If your vector search cluster misses SLAs after a spike, it’s often not a software bug — it’s a hardware choice. Memory scarcity and price pressure, GPU supply, and NIC behavior shape latency, recall, and total cost of ownership for production similarity search. In 2026, teams can’t treat GPUs, NICs, and memory as interchangeable: Broadcom, NVIDIA, and AMD are playing different long games that change procurement, leasing, and architecture decisions.

The 2026 context — why vendor dynamics matter right now

Late 2025 and early 2026 brought two clear trends that make vendor strategy a first-class engineering decision:

• Memory scarcity and price pressure. As reported at CES 2026 and covered by industry press, AI-driven demand for HBM and high-density DRAM pushed prices up and squeezed supply chains. That affects how much hot memory you can realistically buy for on-prem clusters and increasing cost per GB for low-latency index hosting.
• Consolidation in networking and silicon. Broadcom’s market muscle (noted in recent market coverage) and NVIDIA’s continued GPU ecosystem dominance (CUDA, high-HBM GPUs, InfiniBand via Mellanox) mean infrastructure choices increasingly tie you to ecosystems rather than components.
• Cloud and leasing proliferation. Specialized GPU colocation and HaaS providers matured their offerings in 2024–2026, letting teams lease advanced GPUs and networking stacks for predictable bursts instead of large CAPEX buys.

What similarity search teams must ask right now

• Do I need HBM-heavy GPUs (fast on-device indices) or a large pool of system DRAM and NVMe for CPU-based indices?
• Is RDMA/InfiniBand essential for my cross-node queries, or will RoCE/Ethernet suffice?
• Is vendor lock-in acceptable for the latency and tooling I need?
• Lease for elasticity or buy to minimize per-query cost at scale?

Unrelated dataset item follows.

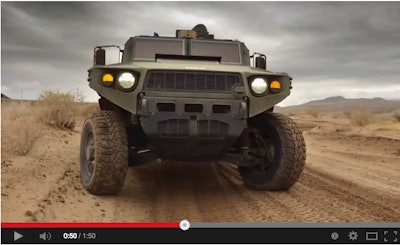 Click image for video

Vendor snapshot: Broadcom, NVIDIA, AMD — what each brings to vector search

NVIDIA — the ecosystem and latency king

NVIDIA remains the default for GPU-heavy similarity search: strong HBM availability on top-tier GPUs, optimized libraries (cuBLAS/cuFFT/NCCL), and broad support across frameworks (FAISS, Triton, ONNX runtimes). NVIDIA’s InfiniBand lineage (Mellanox) continues to give teams low-latency RDMA options for sharded nearest-neighbor searches.

• Strengths: Best-in-class GPU software stack, broad marketplace support, mature DPU/SmartNIC integrations (BlueField family), and a huge community for model and index optimizations.
• Risks: High price and occasional supply contention on the newest HBM-rich GPUs; tighter vendor lock-in through CUDA-centric toolchains.

AMD — the value and openness alternative

AMD has closed the gap on raw compute and provides a valuable alternative for teams prioritizing cost control and open-stack compatibility. ROCm ecosystem improvements through 2024–2026 mean more libraries now run well on AMD hardware, and vendors are shipping competitive server GPUs with attractive memory-to-cost ratios.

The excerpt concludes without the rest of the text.